Task brief: Exactly and only the lines from the one with "CARGADOR NOTEBOOK 19,5V/3,9A" through the end of the listing are to be transcribed, both ends included.

☆ ☆ ☆ ☆

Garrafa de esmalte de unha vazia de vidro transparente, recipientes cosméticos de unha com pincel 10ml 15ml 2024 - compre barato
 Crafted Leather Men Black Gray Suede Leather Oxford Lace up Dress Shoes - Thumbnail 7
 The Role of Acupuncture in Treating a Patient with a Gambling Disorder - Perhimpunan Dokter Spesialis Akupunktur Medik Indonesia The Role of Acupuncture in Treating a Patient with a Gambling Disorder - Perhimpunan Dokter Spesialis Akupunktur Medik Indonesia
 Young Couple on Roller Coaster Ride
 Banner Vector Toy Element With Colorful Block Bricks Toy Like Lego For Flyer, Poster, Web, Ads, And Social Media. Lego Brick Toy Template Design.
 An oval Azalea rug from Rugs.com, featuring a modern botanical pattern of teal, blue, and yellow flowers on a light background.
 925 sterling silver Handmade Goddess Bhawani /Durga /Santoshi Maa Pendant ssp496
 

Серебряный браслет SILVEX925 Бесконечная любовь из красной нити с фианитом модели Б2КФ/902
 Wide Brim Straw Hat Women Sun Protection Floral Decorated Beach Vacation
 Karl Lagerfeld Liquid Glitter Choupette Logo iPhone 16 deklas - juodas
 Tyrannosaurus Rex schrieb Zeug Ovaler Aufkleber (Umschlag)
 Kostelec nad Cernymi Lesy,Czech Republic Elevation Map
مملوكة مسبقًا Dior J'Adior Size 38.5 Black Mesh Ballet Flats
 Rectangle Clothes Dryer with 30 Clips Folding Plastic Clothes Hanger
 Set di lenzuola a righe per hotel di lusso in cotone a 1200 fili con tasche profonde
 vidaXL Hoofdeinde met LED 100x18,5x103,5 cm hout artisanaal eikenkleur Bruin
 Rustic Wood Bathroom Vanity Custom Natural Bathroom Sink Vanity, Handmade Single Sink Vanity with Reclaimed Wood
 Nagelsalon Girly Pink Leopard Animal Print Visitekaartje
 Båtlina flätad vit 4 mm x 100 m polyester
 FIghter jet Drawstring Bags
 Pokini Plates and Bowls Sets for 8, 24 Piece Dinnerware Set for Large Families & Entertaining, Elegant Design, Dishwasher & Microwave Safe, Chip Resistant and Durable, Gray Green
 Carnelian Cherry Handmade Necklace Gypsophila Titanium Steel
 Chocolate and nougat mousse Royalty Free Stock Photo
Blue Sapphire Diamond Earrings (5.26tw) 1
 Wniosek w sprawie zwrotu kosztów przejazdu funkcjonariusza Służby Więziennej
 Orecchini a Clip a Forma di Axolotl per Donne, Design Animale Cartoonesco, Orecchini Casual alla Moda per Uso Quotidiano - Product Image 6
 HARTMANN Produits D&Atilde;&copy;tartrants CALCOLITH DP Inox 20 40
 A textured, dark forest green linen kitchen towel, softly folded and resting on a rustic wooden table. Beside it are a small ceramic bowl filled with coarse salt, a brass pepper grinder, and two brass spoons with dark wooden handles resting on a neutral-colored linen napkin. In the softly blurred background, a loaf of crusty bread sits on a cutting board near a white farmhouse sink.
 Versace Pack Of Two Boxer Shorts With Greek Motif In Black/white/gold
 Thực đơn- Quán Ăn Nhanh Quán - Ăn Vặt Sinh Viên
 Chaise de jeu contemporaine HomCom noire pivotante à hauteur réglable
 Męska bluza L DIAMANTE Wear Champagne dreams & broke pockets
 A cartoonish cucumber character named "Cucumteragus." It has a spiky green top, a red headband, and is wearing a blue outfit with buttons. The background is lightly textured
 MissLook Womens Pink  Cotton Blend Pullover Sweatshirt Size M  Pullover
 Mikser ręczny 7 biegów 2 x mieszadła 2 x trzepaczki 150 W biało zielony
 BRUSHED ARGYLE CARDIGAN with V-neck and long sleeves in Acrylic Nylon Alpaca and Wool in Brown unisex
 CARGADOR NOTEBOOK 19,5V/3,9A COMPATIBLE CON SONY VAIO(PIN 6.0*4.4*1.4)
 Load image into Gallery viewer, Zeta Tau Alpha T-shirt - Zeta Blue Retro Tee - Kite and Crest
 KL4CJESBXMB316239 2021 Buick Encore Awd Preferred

☆ ☆ ☆ ☆

Problem solution:
 CARGADOR NOTEBOOK 19,5V/3,9A COMPATIBLE CON SONY VAIO(PIN 6.0*4.4*1.4)
 Load image into Gallery viewer, Zeta Tau Alpha T-shirt - Zeta Blue Retro Tee - Kite and Crest
 KL4CJESBXMB316239 2021 Buick Encore Awd Preferred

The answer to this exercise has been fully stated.